— SUPPLIED ENTRIES —
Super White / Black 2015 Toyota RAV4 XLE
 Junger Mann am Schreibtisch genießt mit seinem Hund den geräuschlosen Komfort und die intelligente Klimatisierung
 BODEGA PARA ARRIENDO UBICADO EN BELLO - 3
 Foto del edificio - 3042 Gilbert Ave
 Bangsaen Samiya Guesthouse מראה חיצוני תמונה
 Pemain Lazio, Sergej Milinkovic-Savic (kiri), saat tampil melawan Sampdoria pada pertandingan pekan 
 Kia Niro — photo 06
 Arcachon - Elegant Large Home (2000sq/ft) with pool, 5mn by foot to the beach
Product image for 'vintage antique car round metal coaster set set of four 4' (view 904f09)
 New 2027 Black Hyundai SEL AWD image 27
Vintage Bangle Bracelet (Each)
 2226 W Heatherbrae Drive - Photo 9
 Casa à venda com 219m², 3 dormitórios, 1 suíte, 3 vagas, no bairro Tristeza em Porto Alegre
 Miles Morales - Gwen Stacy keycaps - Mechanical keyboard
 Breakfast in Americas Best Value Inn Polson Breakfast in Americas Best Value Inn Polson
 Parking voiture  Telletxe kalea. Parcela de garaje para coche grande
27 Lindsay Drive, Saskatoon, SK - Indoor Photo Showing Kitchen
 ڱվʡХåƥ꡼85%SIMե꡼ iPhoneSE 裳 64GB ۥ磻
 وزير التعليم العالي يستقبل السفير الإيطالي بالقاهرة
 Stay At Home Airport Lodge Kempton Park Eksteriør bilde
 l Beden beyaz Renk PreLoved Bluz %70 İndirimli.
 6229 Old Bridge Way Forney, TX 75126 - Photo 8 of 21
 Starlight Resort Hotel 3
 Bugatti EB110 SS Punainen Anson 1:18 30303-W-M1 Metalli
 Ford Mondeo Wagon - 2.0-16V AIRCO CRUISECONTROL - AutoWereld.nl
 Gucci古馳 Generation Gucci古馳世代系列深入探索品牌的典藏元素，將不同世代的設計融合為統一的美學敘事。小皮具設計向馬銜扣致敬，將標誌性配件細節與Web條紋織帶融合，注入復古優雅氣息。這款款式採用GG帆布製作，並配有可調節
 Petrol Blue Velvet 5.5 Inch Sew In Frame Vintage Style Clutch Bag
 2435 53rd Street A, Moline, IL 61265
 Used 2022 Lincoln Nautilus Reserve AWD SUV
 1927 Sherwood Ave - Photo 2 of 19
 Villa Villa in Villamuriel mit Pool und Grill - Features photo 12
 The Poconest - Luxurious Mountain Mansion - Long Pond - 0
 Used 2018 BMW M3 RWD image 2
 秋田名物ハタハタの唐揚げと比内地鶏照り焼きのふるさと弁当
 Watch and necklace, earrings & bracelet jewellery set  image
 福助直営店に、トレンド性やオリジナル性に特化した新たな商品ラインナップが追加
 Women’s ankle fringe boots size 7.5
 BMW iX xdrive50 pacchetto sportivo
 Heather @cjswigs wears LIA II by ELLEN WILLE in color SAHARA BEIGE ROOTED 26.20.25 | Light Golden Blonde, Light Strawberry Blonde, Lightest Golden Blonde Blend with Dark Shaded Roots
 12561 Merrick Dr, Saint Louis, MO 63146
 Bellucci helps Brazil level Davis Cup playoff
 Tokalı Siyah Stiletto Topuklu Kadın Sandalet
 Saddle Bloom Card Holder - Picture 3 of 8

— WORK ITEM —
Lines from the beginning of the data above through the line containing "Breakfast in Americas Best Value Inn Polson Breakfast" are to be returned exactly, and no others.

— ANSWER TO THIS TASK —
Super White / Black 2015 Toyota RAV4 XLE
 Junger Mann am Schreibtisch genießt mit seinem Hund den geräuschlosen Komfort und die intelligente Klimatisierung
 BODEGA PARA ARRIENDO UBICADO EN BELLO - 3
 Foto del edificio - 3042 Gilbert Ave
 Bangsaen Samiya Guesthouse מראה חיצוני תמונה
 Pemain Lazio, Sergej Milinkovic-Savic (kiri), saat tampil melawan Sampdoria pada pertandingan pekan 
 Kia Niro — photo 06
 Arcachon - Elegant Large Home (2000sq/ft) with pool, 5mn by foot to the beach
Product image for 'vintage antique car round metal coaster set set of four 4' (view 904f09)
 New 2027 Black Hyundai SEL AWD image 27
Vintage Bangle Bracelet (Each)
 2226 W Heatherbrae Drive - Photo 9
 Casa à venda com 219m², 3 dormitórios, 1 suíte, 3 vagas, no bairro Tristeza em Porto Alegre
 Miles Morales - Gwen Stacy keycaps - Mechanical keyboard
 Breakfast in Americas Best Value Inn Polson Breakfast in Americas Best Value Inn Polson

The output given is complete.